Marcha
atrás
Montevideo
suprime etiquetado obligatorio de OGM en alimentos
Uruguay
no se caracteriza precisamente por haber instaurado controles sobre
la importación, cultivo y consumo de organismos genéticamente
modificados. Más bien todo lo contrario. Sin embargo, la alcaldía
de la capital había dispuesto el año pasado la obligatoriedad
del etiquetado de productos con soja o maíz genéticamente
modificados. Era un avance. Esa medida acaba de ser derogada.
Entre
gallos y medias noches y sin decir agua va, el equipo que comenzó
a gestionar la Intendencia de Montevideo en julio último, que
responde al mismo partido político que la gestiona desde 1990
y que gobierna a nivel nacional desde 2005, el Frente Amplio,
barrió con un decreto de 2014 que obligaba a las empresas de
alimentos a informar a los consumidores que tal o tal producto que comercializa
contiene OGM.
La
disposición había sido tomada a fines de 2014 por los
ediles de todos los grupos políticos representados en la Junta
Departamental -el poder legislativo de la ciudad- tras consulta con
un par de ministerios (Salud, Medio Ambiente).
Siendo
Uruguay un país hipercentralizado, se pensaba
que la medida sería emulada por las otras 18 intendencias departamentales
del país o al menos por muchas de ellas, y acabaría adquiriendo
alcance nacional.
Esa
era al menos la esperanza de asociaciones ambientalistas y de grupos
de científicos que habían estado presionando para que
el “etiquetado transgénico” fuera una realidad. Y
así lo había dicho a La Rel, en setiembre,
el entonces director de Salud de la comuna de Montevideo, Pablo
Anzalone.
Durante
dos años esos grupos y asociaciones habían estado trabajando
en el tema junto a la División Salud de la Intendencia de Montevideo,
que a su vez había coordinado con dos laboratorios, el de Bromatología
de la propia comuna y el de Trazabilidad Molecular Alimentaria de la
Universidad de la República, cómo instaurar el sistema
y cómo llevar a cabo los análisis que permitieran la detección
de OGM en alimentos.
Resultado:
Uruguay empezó 2015 formando parte del club
de 65 países que obligan a las empresas a inscribir una gran
T negra sobre un triángulo amarillo cuando alguno de sus productos
tiene OGM.
No
era totalmente cierto, pues la disposición se limitaba al espacio
de la capital, que concentra la mitad de la población total (en
el resto rige desde 2008 una disposición de etiquetado voluntario
muy poco aplicada) pero sí suficiente como para que el país
formara parte de esa lista.
Duró
apenas un semestre.
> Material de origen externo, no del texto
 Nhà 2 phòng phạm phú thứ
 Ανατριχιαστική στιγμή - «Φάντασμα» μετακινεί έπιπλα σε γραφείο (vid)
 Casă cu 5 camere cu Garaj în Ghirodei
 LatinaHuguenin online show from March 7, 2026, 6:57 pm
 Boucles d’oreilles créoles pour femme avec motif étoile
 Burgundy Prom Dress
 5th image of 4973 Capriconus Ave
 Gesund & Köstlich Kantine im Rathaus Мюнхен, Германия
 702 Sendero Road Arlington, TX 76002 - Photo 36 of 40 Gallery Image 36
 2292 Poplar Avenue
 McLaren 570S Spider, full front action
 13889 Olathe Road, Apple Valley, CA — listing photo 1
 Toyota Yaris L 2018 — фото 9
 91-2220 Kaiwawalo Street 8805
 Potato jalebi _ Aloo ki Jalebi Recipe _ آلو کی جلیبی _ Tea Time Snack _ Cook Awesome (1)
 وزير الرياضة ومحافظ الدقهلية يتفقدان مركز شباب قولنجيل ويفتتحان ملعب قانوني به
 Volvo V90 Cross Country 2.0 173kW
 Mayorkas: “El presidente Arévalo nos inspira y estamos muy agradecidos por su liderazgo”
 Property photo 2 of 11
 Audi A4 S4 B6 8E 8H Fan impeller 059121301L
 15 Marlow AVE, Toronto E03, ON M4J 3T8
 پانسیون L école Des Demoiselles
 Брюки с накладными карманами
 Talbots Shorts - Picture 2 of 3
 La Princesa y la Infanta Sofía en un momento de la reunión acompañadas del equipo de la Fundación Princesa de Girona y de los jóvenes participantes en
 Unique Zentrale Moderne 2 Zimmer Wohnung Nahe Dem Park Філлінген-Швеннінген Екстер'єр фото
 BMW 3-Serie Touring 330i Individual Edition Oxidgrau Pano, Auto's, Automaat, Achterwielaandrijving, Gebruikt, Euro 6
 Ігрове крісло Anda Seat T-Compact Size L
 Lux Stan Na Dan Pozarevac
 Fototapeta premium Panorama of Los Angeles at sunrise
Se sabe que hubo presiones de las compañías
productoras de alimentos transgénicos para que la medida fuera
anulada, que hubo reuniones de sus representantes con autoridades del
gobierno nacional en las que el tema estuvo sobre el tapete.
Desde
fines de julio último, según reveló en su edición
del 7 de agosto el semanario Brecha, los análisis
para detectar OGM en productos vegetales y animales
comercializados en Montevideo dejaron de realizarse y el etiquetado
obligatorio fue lisa y llanamente “suspendido por tiempo indefinido”.
No
hubo explicaciones de las razones de fondo de la medida, más
allá de la voluntad expresada por el nuevo gobierno departamental
de “adecuar su legislación a la del conjunto del país”,
como, para bien o para mal, prácticamente nunca sucede.
La
razón es demasiado banal como para ser cierta.
Las
autoridades municipales dicen que no hay retroceso alguno en cuanto
a asegurar el derecho de la población a estar informada sobre
lo que consume.
La
disposición es “provisoria”, alegan, pero lo provisorio
en este caso bien puede ser permanente. La Intendencia de Montevideo
se propone, por ejemplo, rever el tema con el Ministerio de Agricultura
y con sus pares del interior del país.
Si
hay un Ministerio “sensible” en Uruguay
a las presiones de las empresas biotecnológicas es precisamente
el de Agricultura, y en muchas de las intendencias del interior, fundamentalmente
aquellas que han sido inundadas de cultivos de soja o maíz transgénicos,
esas compañías a menudo hacen y deshacen a su gusto.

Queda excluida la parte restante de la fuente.